Le tramway de Jean-Claude Guiguet est une formidable petite machine qui traverse toutes les stations du cinéma, qui fait se croiser autant de personnages que de fictions possibles : Les Passagers fusionne avec bonheur lyrisme et cri de rage, beauté des formes et contenu politique. Rencontre avec le chef de gare, qui évoque tous les aspects d’un film réussissant ses nombreux et difficiles défis.
Jean-Claude Guiguet s’est d’abord fait connaître comme écrivain du cinéma, passeur amoureux de Renoir, Grémillon, Ophuls, Sirk, Mizoguchi, avant de « sauter le pas », de traverser le miroir pour devenir cinéaste. Ce furent Les Belles manières, mélodrame moderne, puis Faubourg Saint-Martin, romance populaire déployée en superbe plans-séquences.
Artiste totalement au service de son art, Guiguet n’aligne pas les films pour « faire carrière », mais les entreprend uniquement quand les circonstances sont favorables et quand la nécessité intérieure fait loi. C’est pourquoi plusieurs années s’étaient écoulées jusqu’au Mirage, splendide mélodrame pétri de romantisme allemand, chevauchant vaillamment ce que Douglas Sirk appelait la frontière ténue entre le ridicule et le sublime. Poète sensible du cinéma, Guiguet est aussi un homme en colère, un insurgé perpétuel presque par hygiène de l’esprit, un guerrier en révolte tant que la connerie existera. Les Passagers est fait de cette coexistence entre mélodrame et matière sociale, opérette burlesque et état des lieux de notre monde, romance enchantée et cri de révolte. Le tramway Guiguet traverse les stations du cinéma et celles de la vie : en voiture tout le monde !
Jean-Claude Guiguet Pour Les Passagers, tout est parti de visites que je devais faire dans un hôpital de banlieue.
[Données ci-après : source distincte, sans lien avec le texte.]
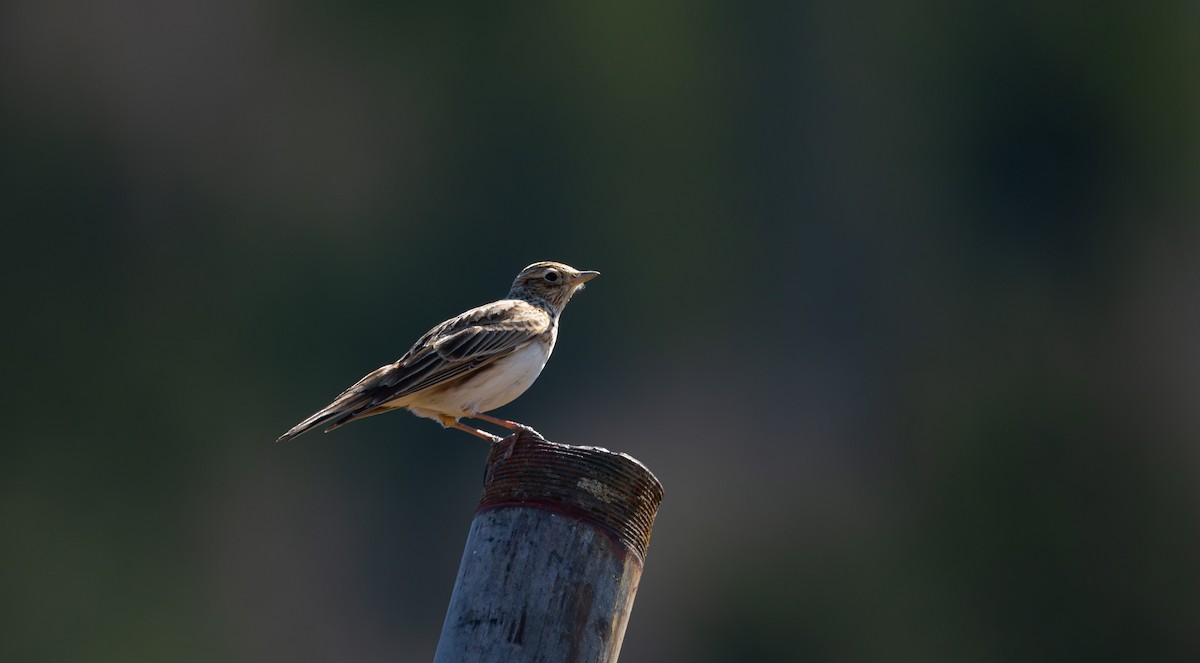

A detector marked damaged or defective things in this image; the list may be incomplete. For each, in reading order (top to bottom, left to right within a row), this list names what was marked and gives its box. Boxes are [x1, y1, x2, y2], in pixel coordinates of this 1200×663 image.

peeling paint on post [434, 427, 667, 658]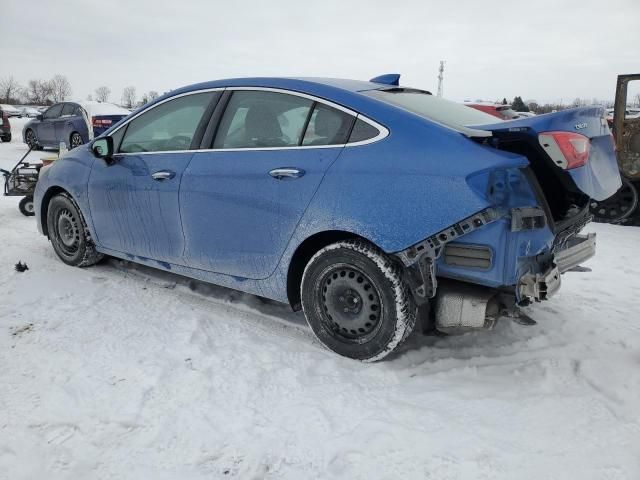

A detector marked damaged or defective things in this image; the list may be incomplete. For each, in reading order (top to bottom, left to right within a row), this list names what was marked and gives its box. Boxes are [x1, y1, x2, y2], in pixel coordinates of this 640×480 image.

damaged blue sedan [33, 75, 620, 360]
broken tail light [536, 130, 592, 170]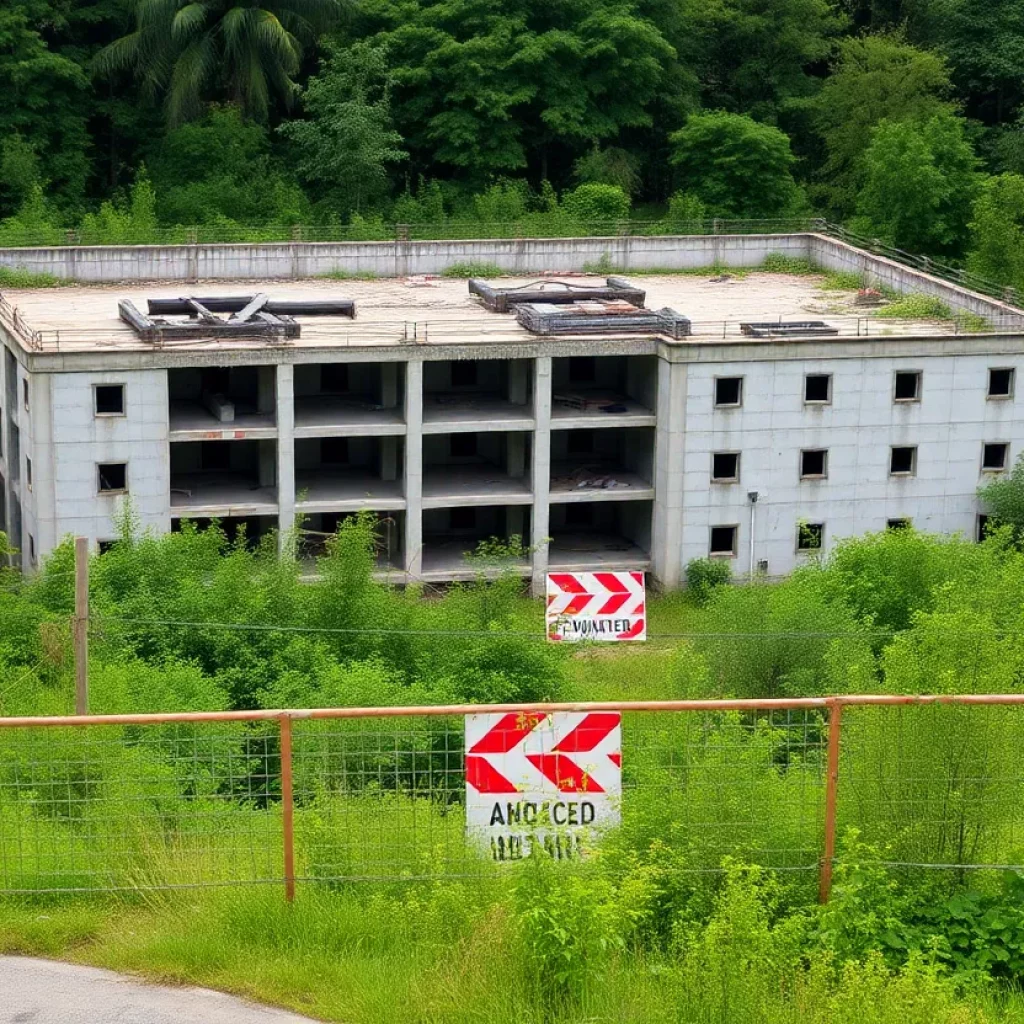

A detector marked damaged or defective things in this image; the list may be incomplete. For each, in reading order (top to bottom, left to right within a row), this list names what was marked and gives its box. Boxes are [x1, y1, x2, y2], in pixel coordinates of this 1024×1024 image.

rusty fence post [280, 716, 296, 901]
rusty fence post [819, 696, 843, 905]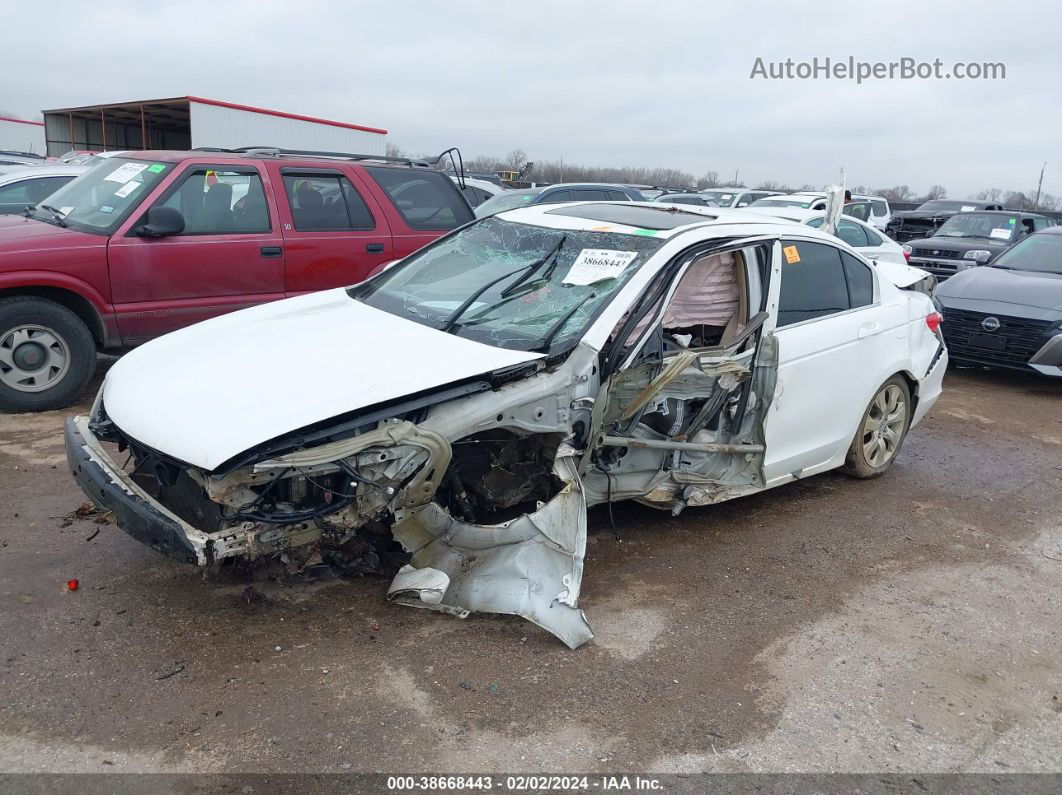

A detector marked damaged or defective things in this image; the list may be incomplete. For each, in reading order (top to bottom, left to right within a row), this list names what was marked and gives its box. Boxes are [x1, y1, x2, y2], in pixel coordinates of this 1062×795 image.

crumpled front hood [102, 288, 543, 469]
white damaged sedan [66, 201, 947, 649]
cracked windshield [352, 217, 666, 354]
crumpled front hood [934, 269, 1062, 314]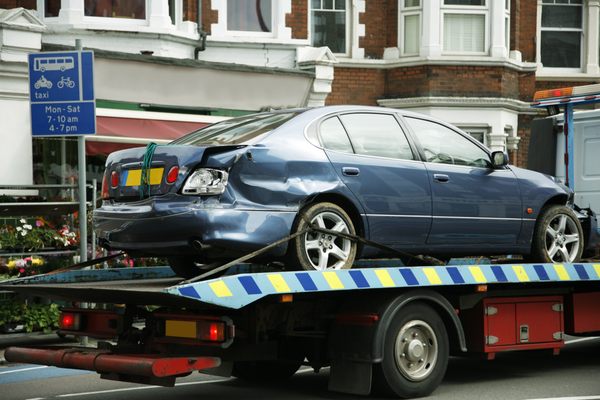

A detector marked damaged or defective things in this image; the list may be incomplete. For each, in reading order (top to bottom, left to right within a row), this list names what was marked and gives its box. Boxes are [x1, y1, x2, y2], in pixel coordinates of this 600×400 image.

On m’avait conseillé de prendre le tramway, la ligne Bobigny-Saint-Denis. Il m’a immédiatement séduit. Je sortais du Mirage, il me fallait envisager un nouveau film… Enfin, moi, j’envisage sans jamais savoir où je vais. Bref, ce tramway traversait une zone urbaine, singulière, bizarre, avec toutes sortes de lieux hétéroclites : le cimetière immense d’un côté, les hôpitaux de l’autre, les églises, les lycées, les stades, toute la friche urbaine banlieusarde… Je me rends compte que je n’invente rien. Je n’ai pas d’imagination, je suis un pauvre travailleur ; et à partir de cette réalité intime, l’idée d’un tram parcourant une série d’existences plus ou moins glorieuses est née. Tout bêtement.
Le tram est un objet très cinématographique, presque une figure structurelle du film avec ses déplacements/travellings, ses entrées et sorties de personnages, ses stations.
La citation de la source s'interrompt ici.